(Items from a data source)
·····
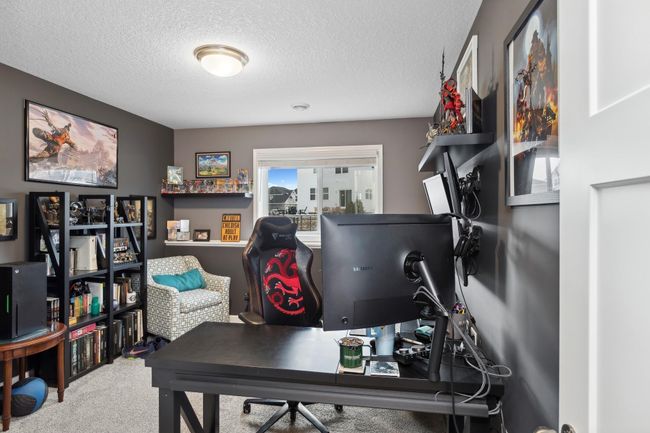 A fifth bedroom provides added flexibility, making it perfect for guests, an office, or a hobby room, while the adjacent full bathroom adds convenience. | Image 20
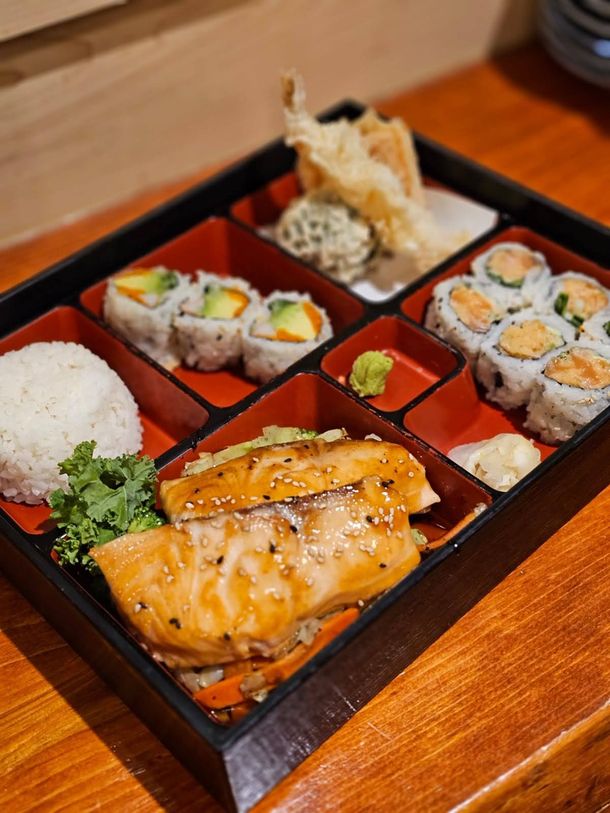 Sushi bento box with salmon, rolls, rice, and tempura on a wooden table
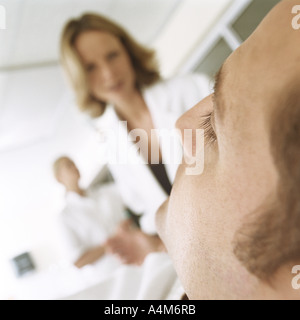 Doctor looking down at patient Stock Photo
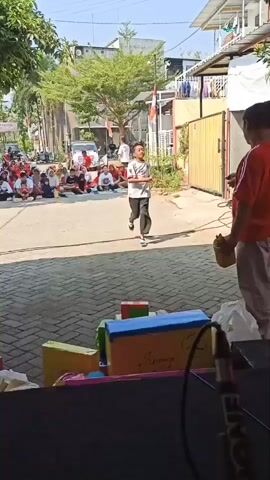 A young boy in a white t-shirt and black pants is performing a dance routine in the middle of a street. He is facing a group of people sitting on the ground to his left. Another person, wearing a red shirt and light-colored pants, stands to the boy's right, holding a yellow object. In the foreground, a stage or platform is visible with colorful boxes and a microphone. The background shows buildings and trees under a clear sky. The scene appears to be an outdoor event.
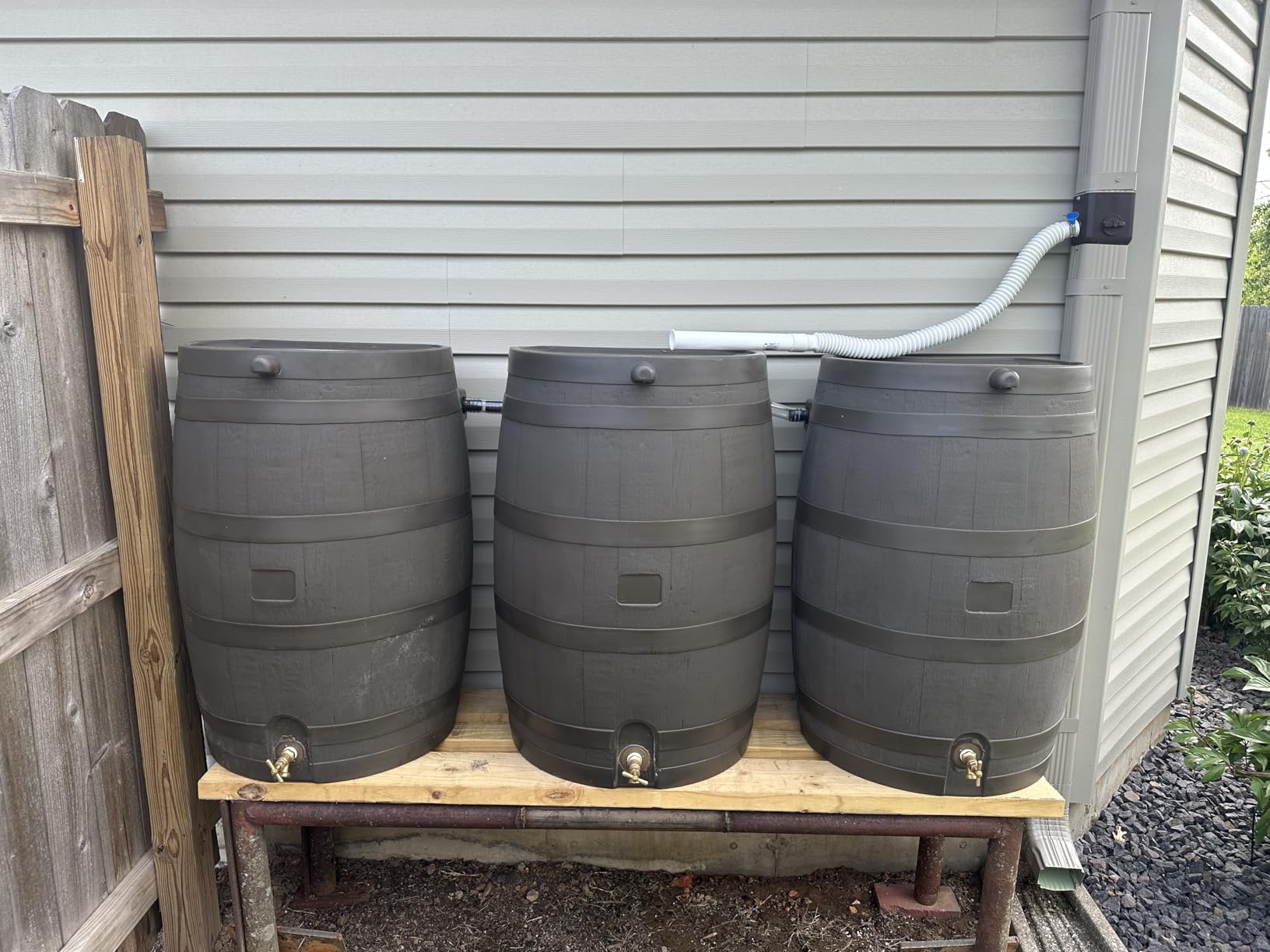 RTS Home Accents 50-Gallon Rain Barrel, Flat Back Rain Water Collection Barrel, Stand Included, Walnut Color customer photo 1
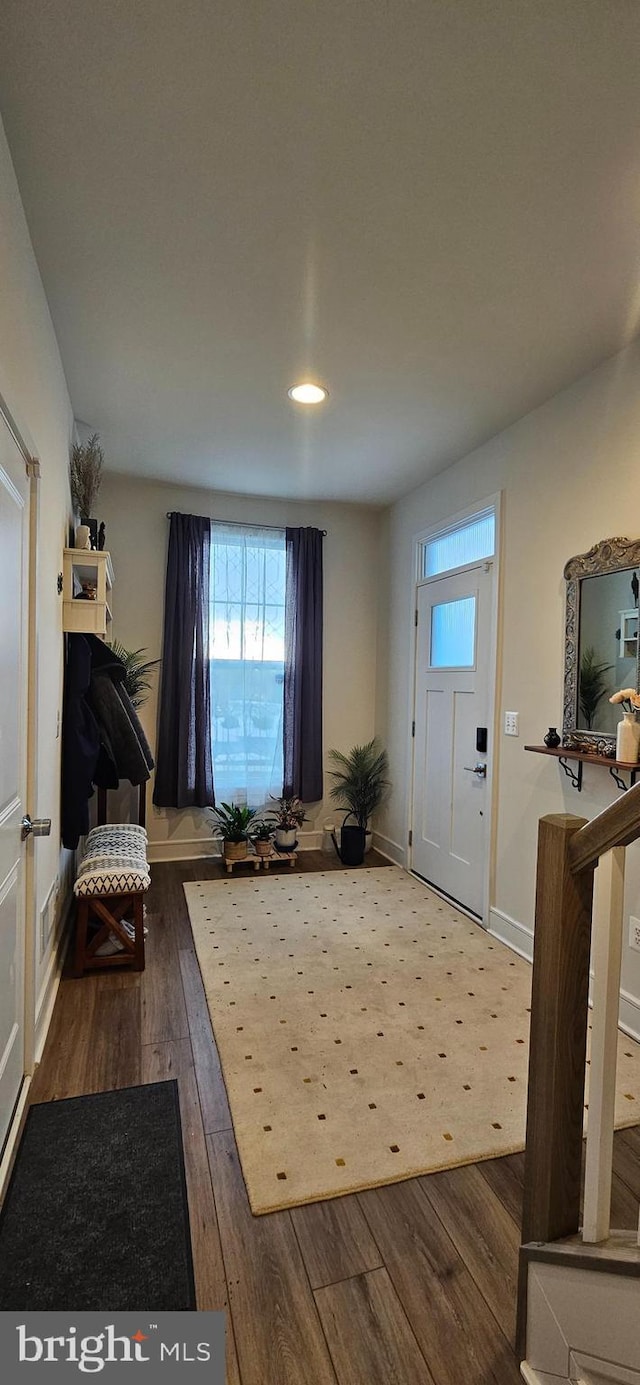 foyer featuring dark hardwood / wood-style floors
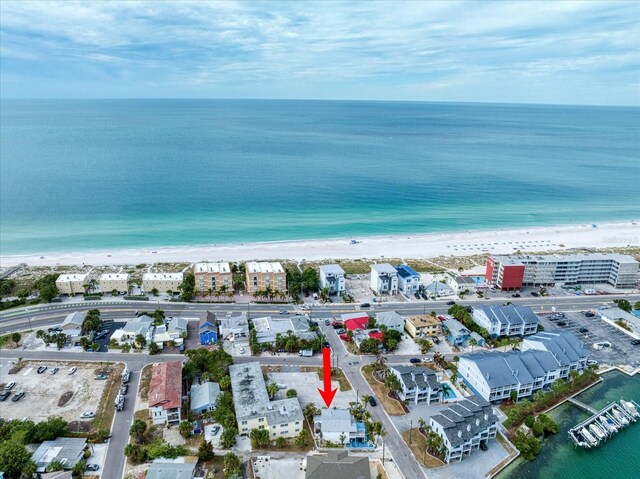 birds eye view of property with a beach view and a water view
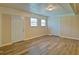 Spacious living room featuring wood-look flooring, two doors and two windows at 24 Echo Ridge Dr, Powder Springs, GA 30127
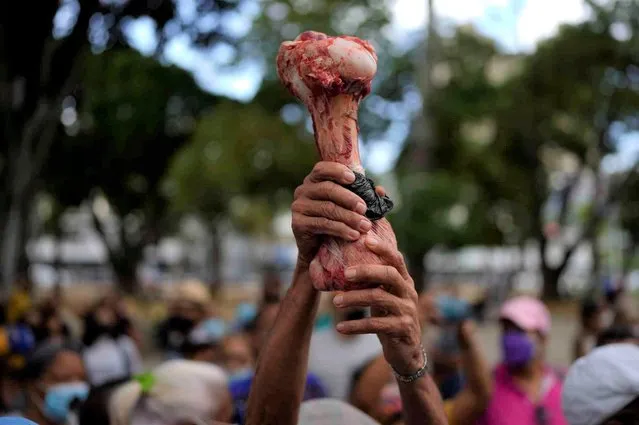 A protester holds up a bone to refer to hunger during a demonstration by active and retired public workers, including teachers, demanding better salaries and the rest of their vacation bonus which they say was paid partially, as they march to the Labor Ministry in Caracas, Venezuela, Tuesday, August 2, 2022. (Photo by Ariana Cubillos/AP Photo)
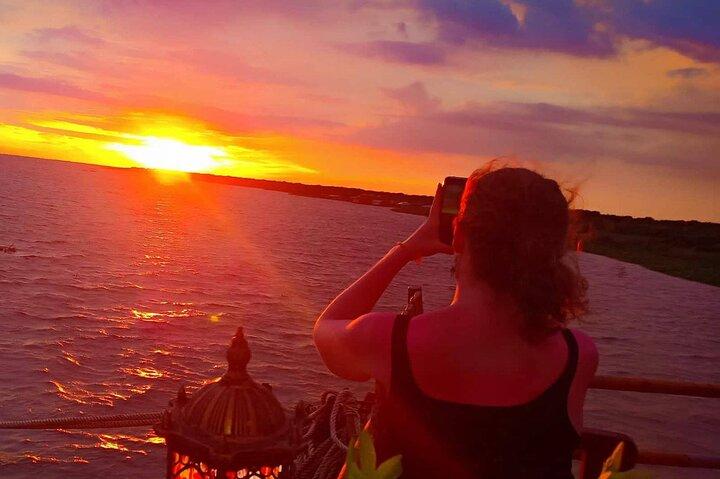 Sunset Dinner and drinks includes a Floating Village cruise tour.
·····
All of the data above needs to be retyped exactly, with the pictures removed.

Solved exercise:
 A fifth bedroom provides added flexibility, making it perfect for guests, an office, or a hobby room, while the adjacent full bathroom adds convenience. | Image 20
 Sushi bento box with salmon, rolls, rice, and tempura on a wooden table
 Doctor looking down at patient Stock Photo
 A young boy in a white t-shirt and black pants is performing a dance routine in the middle of a street. He is facing a group of people sitting on the ground to his left. Another person, wearing a red shirt and light-colored pants, stands to the boy's right, holding a yellow object. In the foreground, a stage or platform is visible with colorful boxes and a microphone. The background shows buildings and trees under a clear sky. The scene appears to be an outdoor event.
 RTS Home Accents 50-Gallon Rain Barrel, Flat Back Rain Water Collection Barrel, Stand Included, Walnut Color customer photo 1
 foyer featuring dark hardwood / wood-style floors
 birds eye view of property with a beach view and a water view
 Spacious living room featuring wood-look flooring, two doors and two windows at 24 Echo Ridge Dr, Powder Springs, GA 30127
 A protester holds up a bone to refer to hunger during a demonstration by active and retired public workers, including teachers, demanding better salaries and the rest of their vacation bonus which they say was paid partially, as they march to the Labor Ministry in Caracas, Venezuela, Tuesday, August 2, 2022. (Photo by Ariana Cubillos/AP Photo)
 Sunset Dinner and drinks includes a Floating Village cruise tour.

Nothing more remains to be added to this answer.